End Result:  University #1's facilities suck.

Two days later, I repeat the process with the gym at University #2.  The night before, just like University #1, I do my research.  I find the facility on the campus map.  I plot my route.  I try to figure out as much as I can from what's available online.  Where do I go?  Do I sign in?  Do they provide towels, or do I have to bring my own?  Do they provide locks, or do I provide my own?  What kind of equipment is there?  Is it stuff I remember how to use?

University #2's facility is whole new world.  For starters, it takes up an entire first floor of a building.  There are several courts, a free weight room, a fitness center, and REAL locker rooms, complete with lockers and showers.  All of that is a sigh of relief.  I put my stuff away and head to the space with the exercise machines and treadmills.  I try to keep focused, even though I'm getting tunnel-visioned from all the new stuff.
Just find the treadmills.  We know treadmills.  Don't do anything besides treadmills today.  Don't wanna overdo it.

I find a treadmill, and it's state of the art.  I could even plug my iPhone into it if I wanted to.  I could watch TV on an individual screen if I wanted to.  I just want to walk quickly and listen to my iPod and zone out for a bit.  So I push some random buttons in an attempt to mimic my fast-walking from the day before at University #1.

But no.  This fancy new  treadmill does more than just let me walk fast.  It changes.  It changes the incline and the speed on my "route."  Suddenly it's moving quickly and I desperately try to find the button to slow it down before I pull a George Jetson in front of students who could very well be MY students.   

I keep up the best I can.  I sweat and I breathe hard.  When I'm done, I step off the treadmill and try not to pass out.  The floor still feels like it's moving, and my head is reeling.  Just make it to the locker room.  Just make it to the locker room.  I can shower in the locker room.  Don't pass out in the gym.  Don't trip in front of students.

I text my Unit from the locker room:  "220 calories and 29 minutes on the treadmill.  I feel a little dizzy."
Her response:  "Slow down, cowgirl!"

That shower was the best shower I ever had.  When it was over and I was dressed, I headed to cafeteria #2 to repeat that process all over again of figuring out how to eat.

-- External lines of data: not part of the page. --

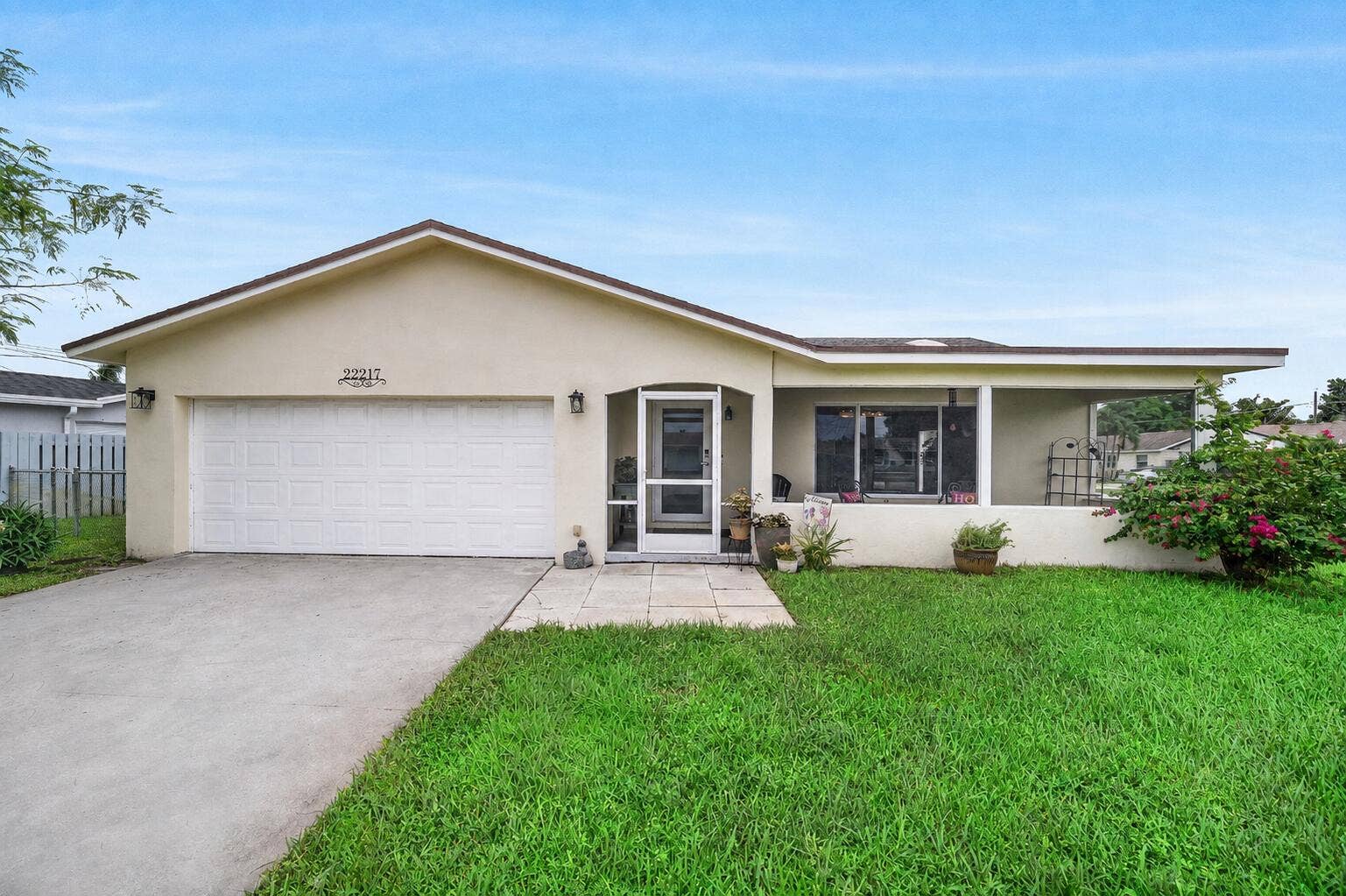 4BR/2BA - No HOA!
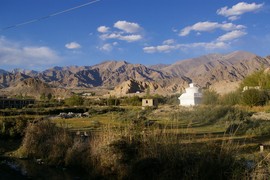 near Choklamsar
Ladakh Range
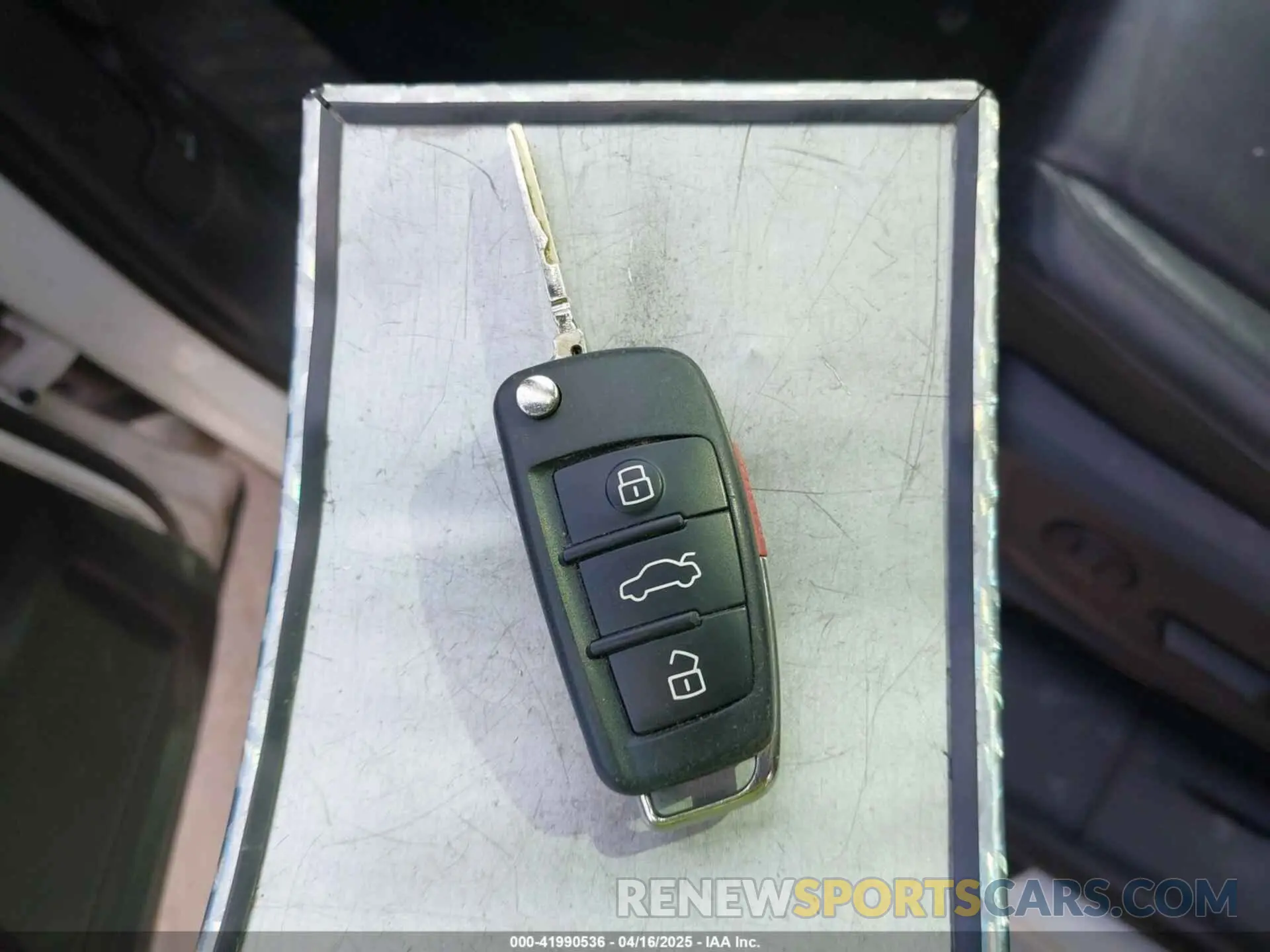 11 Photograph of a damaged car WA1AUCF33M1090847 AUDI Q3 2021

It's been two weeks, and I think I may have figured out a routine.  Sort of.  I've added some other exercise equipment into the mix; each time I get a little tunnel-visioned as I try to read the pictures and instructions on the machines.  A lot has changed in ten years in the wide world of fitness.  As usual, I don't want to ask questions of the work study students in an attempt to keep the number of times I look like an idiot to a minimum.  I think I've done okay; I've only "wandered" the entire fitness center looking around once.  Okay, maybe twice.  I've also lost two pounds.

Some of the heart-pounding anxiety has lessened, and I no longer feel like I'm going to die in the locker room.  But is it any wonder I slept for fifteen hours last night?

End Result:  New things are exhausting; change is bad.
Monica Waters: You don't like change, do you?
Adrian Monk: I have no problem with change. I just don't like to be there when it happens.